For people with neurological disorders, especially those that are progressive like multiple sclerosis, amyotrophic lateral sclerosis, Parkinson’s, etc, this part of the law makes their options limited and on a restricted timeline. In order to be eligible for MAID, they must retain their physical ability to self-administer their medication. However, when their disease progressively takes away their ability, they must either receive MAID before they are emotionally ready but while they still have motor function, or wait so that they can give themselves and their families time to emotionally prepare but risk losing eligibility and dying from their disease.
This specific requirement violates both the American Disabilities Act (that mandates equal access to healthcare) and the ethical principle of justice, as people with neurological or motor disorders bear an unfair burden compared to others with terminal illnesses and are not getting what they are due: equality and proper healthcare. While many of them could be said to be simply dealt a poor hand due to their conditions, it is neither fair nor just to discriminate against people with certain kinds of illnesses just because of the disability it causes.
Practical Implications
Only 22 percent of the population in the United States has access to medical aid in dying. While this is a proper step in providing patients with better end-of-life care options, the legal hurdles and moral minefield that physicians and their patients must navigate due to the government’s and general population of physicians' unwillingness to affirm MAID as healthcare are numerous.
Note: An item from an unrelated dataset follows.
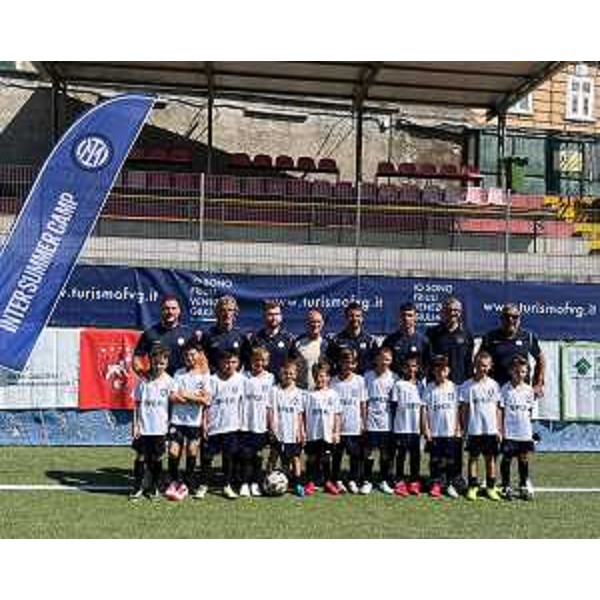 L'assessore PIeroalo Roberti con gli atleti che partecipano al Day summer camp dell'Inter a Trieste - L'assessore PIeroalo Roberti con gli atleti che partecipano al Day summer camp dell'Inter a Trieste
Because of the stigma associated with euthanasia in the United States, physicians who perform MAID have needed to get creative. In Canada, medical aid in dying patients have the option to take oral medications themselves or allow their physician to administer an intravenous injection. Only 13 of over 21,000 MAID patients in Canada chose to self-administer their medications because most patients simply want the most efficient manner of death. However, here in the United States, patients do not get that choice. When patients are dying, so is the gastrointestinal tract–which is exactly what MAID physicians are forced to use in order to help their patients die. This requirement to use a dying vessel to administer medication makes it all the more difficult for physicians to provide proper MAID care, as the gastrointestinal tract may be inefficient at absorbing medication when someone is dying. Physicians like Dr. Lonny Shavelson, who is a pioneer in MAID and created the first clinic specifically for aid in dying, had to experiment with different cocktails of medication–compound drugs, which aren’t regulated by the FDA–in order to find the combination that yielded the quickest death despite these medically impractical restrictions. For his patients, even a few hours make a difference.
Moving Forward
It’s clear that the ethics surrounding MAID are a complex set of issues. However, until we accept MAID as healthcare and an end-of-life option for patients, they will continue to suffer from the lack of knowledge and research in medical aid in dying, the strict and medically impractical parameters their doctors try to work within, and inequality of access. Therefore, our currently unethical laws need to be reformed to allow equal access to medical aid in dying care for all and to allow physicians and scientists to develop a better, uniform protocol.